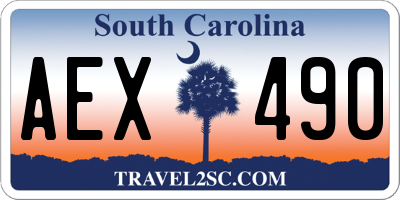 SC license plate AEX490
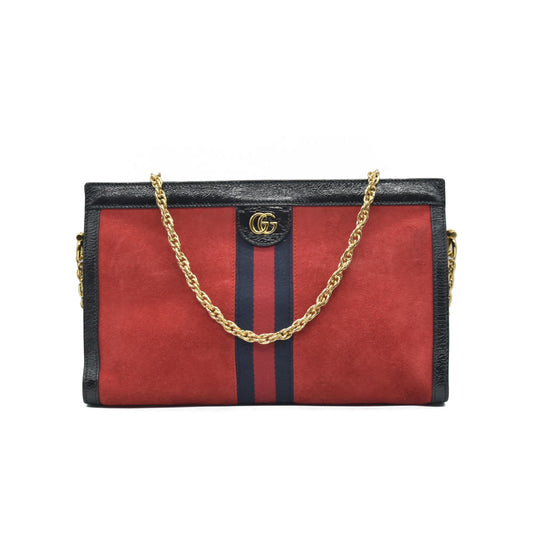 $2050 Gucci Double G Ophidia Small Suede Red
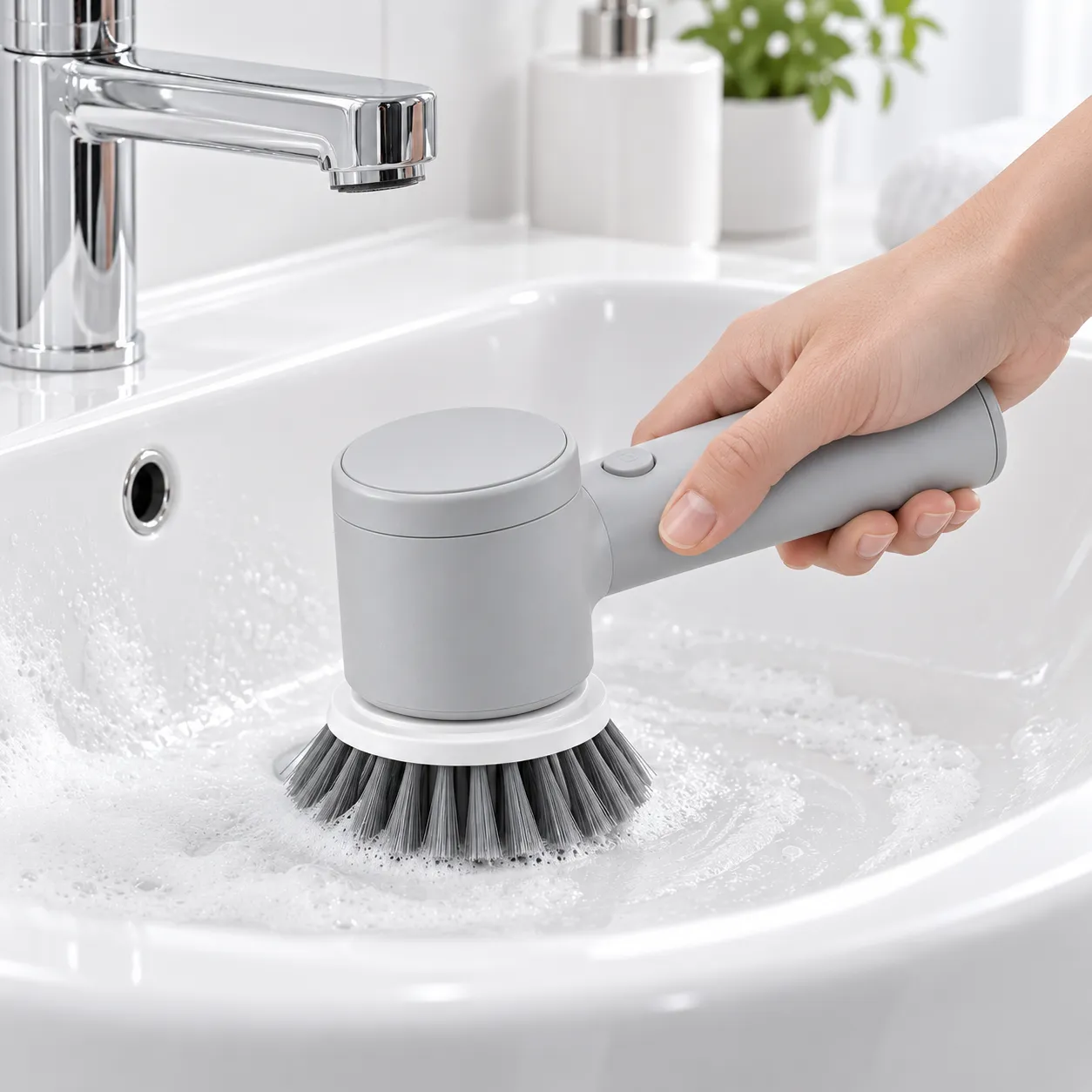 Hand führt die elektrische Reinigungsbürste über die gerundeten Innenflächen eines weissen Keramik-Waschbeckens mit Wasserschaum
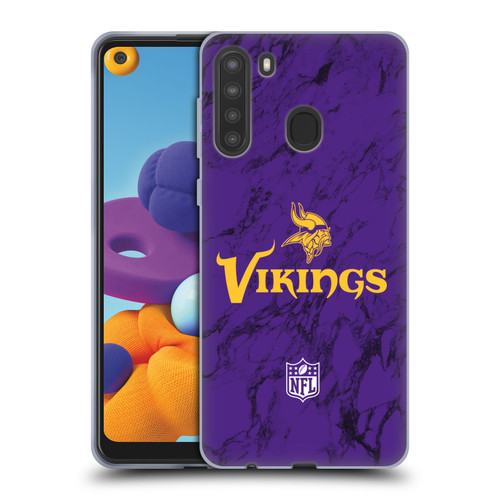 NFL Minnesota Vikings Graphics Coloured Marble Soft Gel Case for Samsung Galaxy A21 (2020)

■ **TASK PROMPT**
When you restate the listing above, give each line word for word but leave out every image.

■ **ANSWER TO THIS TASK**
 SC license plate AEX490
 $2050 Gucci Double G Ophidia Small Suede Red
 Hand führt die elektrische Reinigungsbürste über die gerundeten Innenflächen eines weissen Keramik-Waschbeckens mit Wasserschaum
 NFL Minnesota Vikings Graphics Coloured Marble Soft Gel Case for Samsung Galaxy A21 (2020)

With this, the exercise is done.